Zack Snyder's Justice League isn't Granny Goodness' first live-action rodeo

What little we see of Granny in Zack Snyder's Justice League makes her seem like a more physically imposing figure than her comic book counterpart. And while the Snyder Cut of Justice League does mark Granny Goodness' live-action film debut, it's not the first time she's appeared in the flesh on viewers' screens. That happened just once prior, in the penultimate season of the CW superhero series Smallville, starring Tom Welling as Clark Kent in his years living in Kansas before he becomes Superman. Two different actresses portrayed Smallville's Granny, and the depiction of the character leaned pretty heavily on the sinister end of the sweet-old-lady-ruthless-manipulator dichotomy.

In Smallville, Nancy Amelia Bell brought Granny Goodness to life in the season 9 finale, "Salvation," in which her face isn't seen but the markers of her outwardly sweet side — knitting needles and a cozy, covered-up outfit — were. Christine Willes took over the role thereafter, making her the literal face of Smallville's Granny — the prim and proper Head Administrator of St. Louise's Orphanage who's secretly a cunning master manipulator with powerful telepathic and telekinetic abilities, along with a number of other powers. A season 10 episode reveals that one of the children at St. Louise's Orphanage was Tess Mercer (Cassidy Freeman), who – spoiler alert — is really Lutessa Luthor, the daughter Lionel Luthor (John Glover) had with Pamela Jenkins (Donna Bullock), his son Lex's nanny. Tess lived at the orphanage from the time she was five years old to when her biological father returned and took Tess out of Granny Goodness' care.

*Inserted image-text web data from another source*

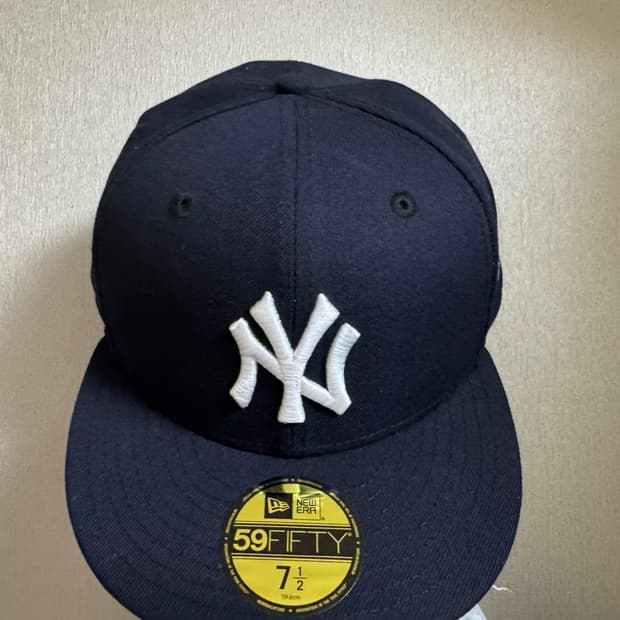 뉴에라 59피프티 MLB 어센틱 뉴욕 양키스 게임 네이비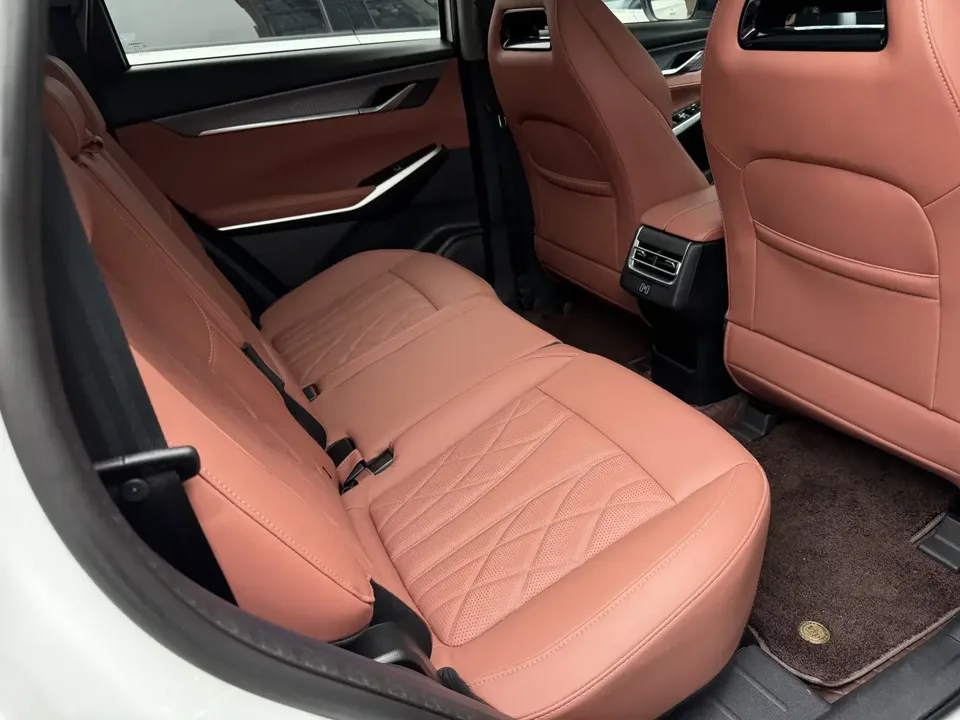 Changan CS75PLUS Changan CS75 PLUS 2024 The third generation champion version 1.5T automatic intelligent driving strong navigation 2024 — thumbnail 2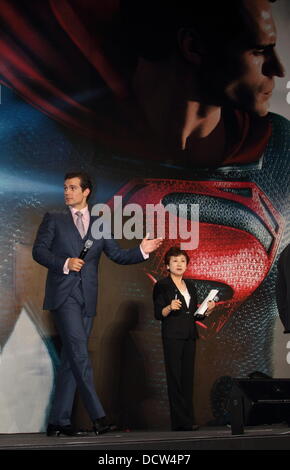 Tokio, Japan. 22. August 2013. Henry Cavill, 21. August 2013: Henry Cavill, Film "Man of Steel" Japan-Premiere am 21. August 2013 Tokyo Japan Credit: Aflo Co. Ltd./Alamy Live News Stockfoto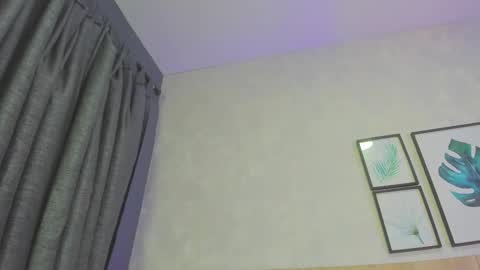 Snapshot of alanna_hank chatting on 01/13/26, 07:02 Alanna online show from 01/13/26, 07:02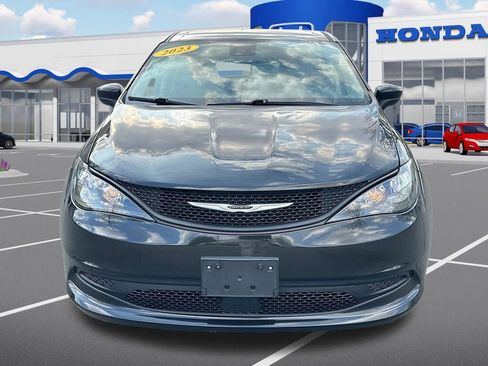 Used 2023 Chrysler Voyager LX FWD image 2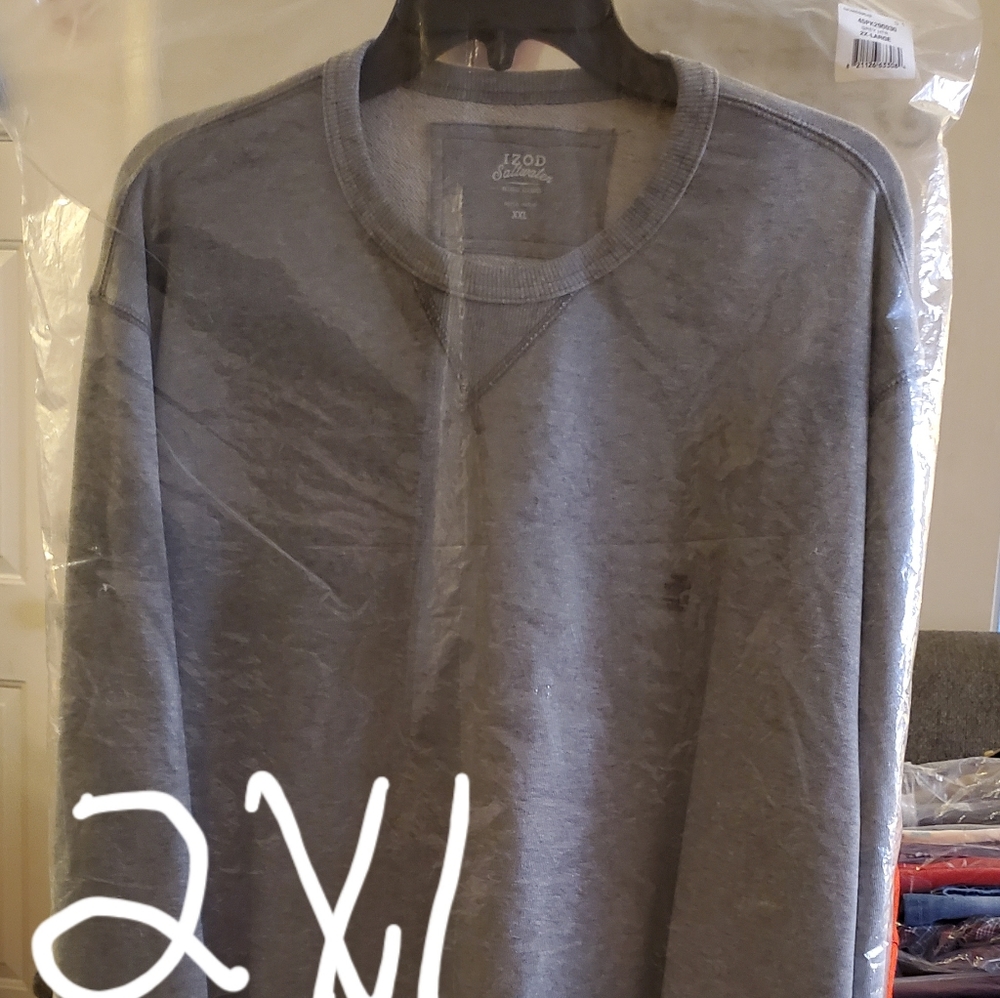 Brand new men's IZOD sweatshirt size xxl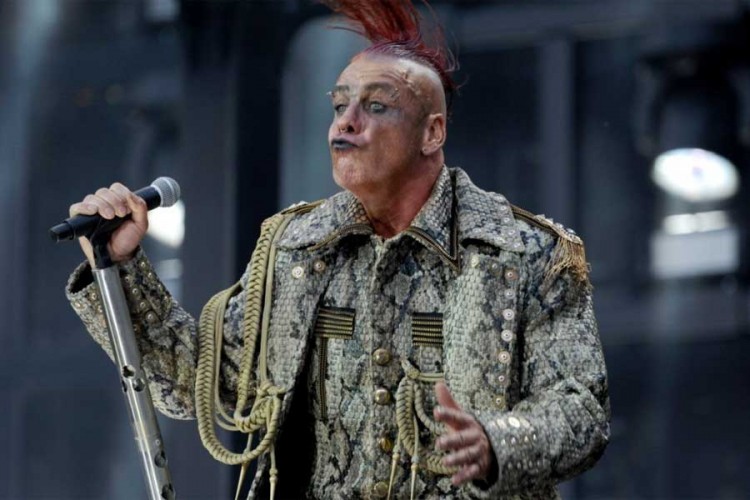 Pjevač "Rammstein-a" dovezao avionom grupu u Moskvu?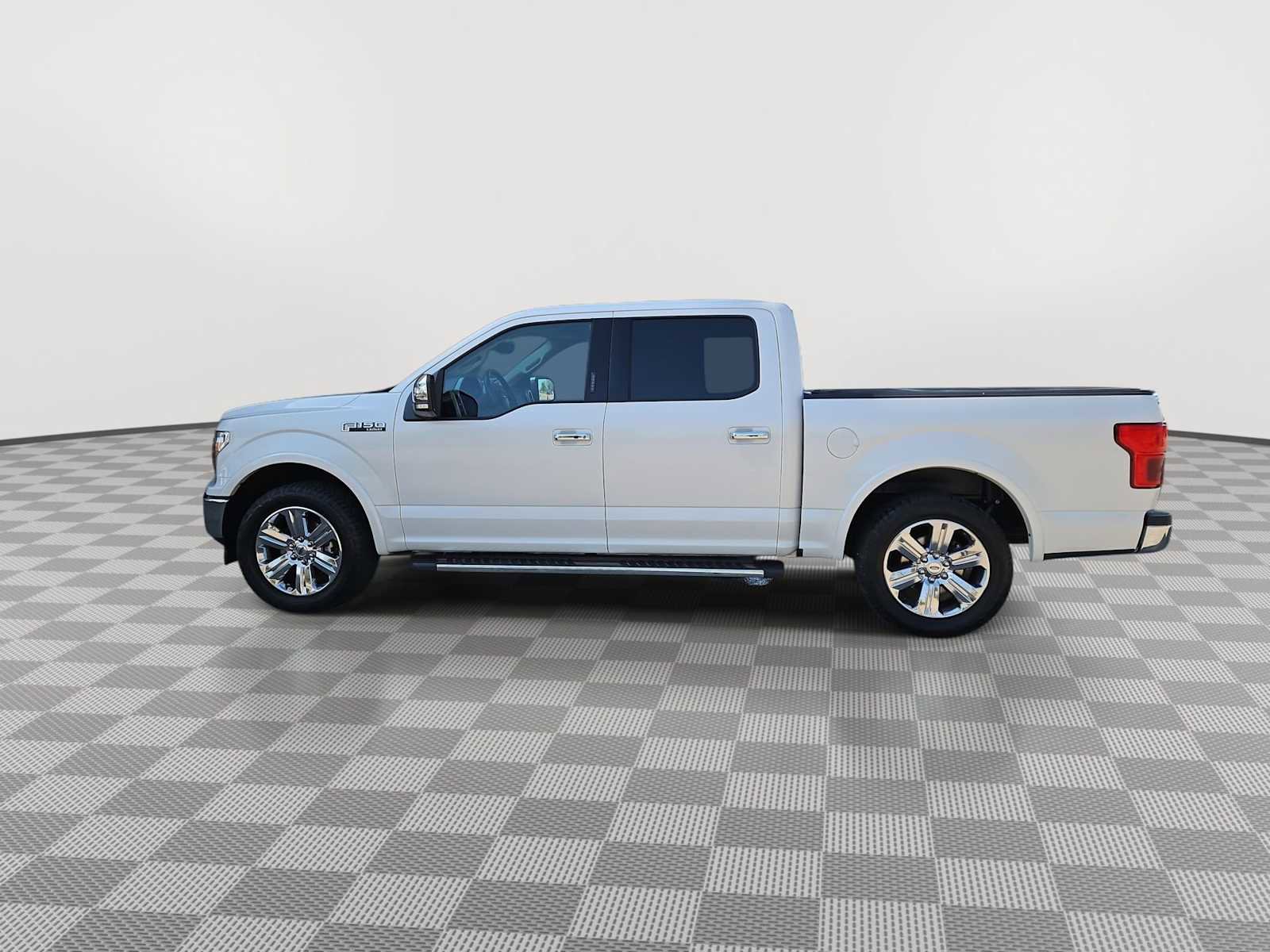 Used 2019 Ford F150 Lariat image 5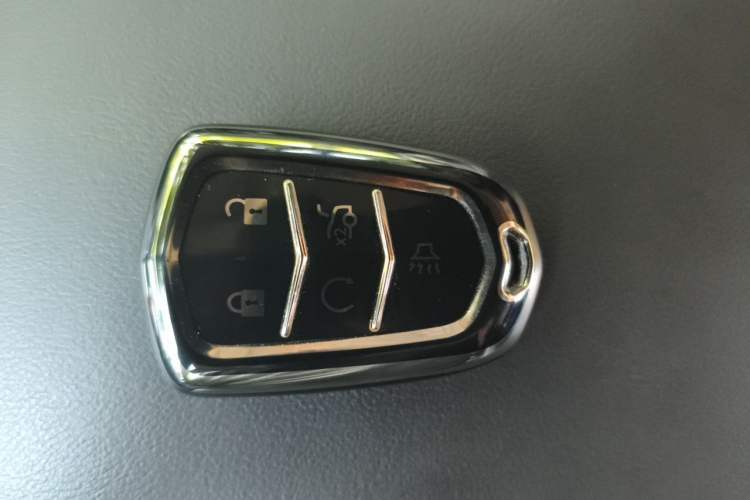 Used Cadillac XT5 2018 25T Luxury Model Interior 1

Before Tess left, Granny erased nearly all of her memories so that she wouldn't remember her life before the Mercers adopted her.

It doesn't seem likely that Snyder will get the opportunity to create a sequel to his version of Justice League, but if any creative minds at Warner Bros. and DC want to make use of the character in future projects, Granny Goodness would certainly make for a menacing, scheming villain that would scare just about anyone who crosses her path. Or maybe all fans can hope to see of Granny going forward is her name on a food cart that sells hot dogs and various other "tube steaks."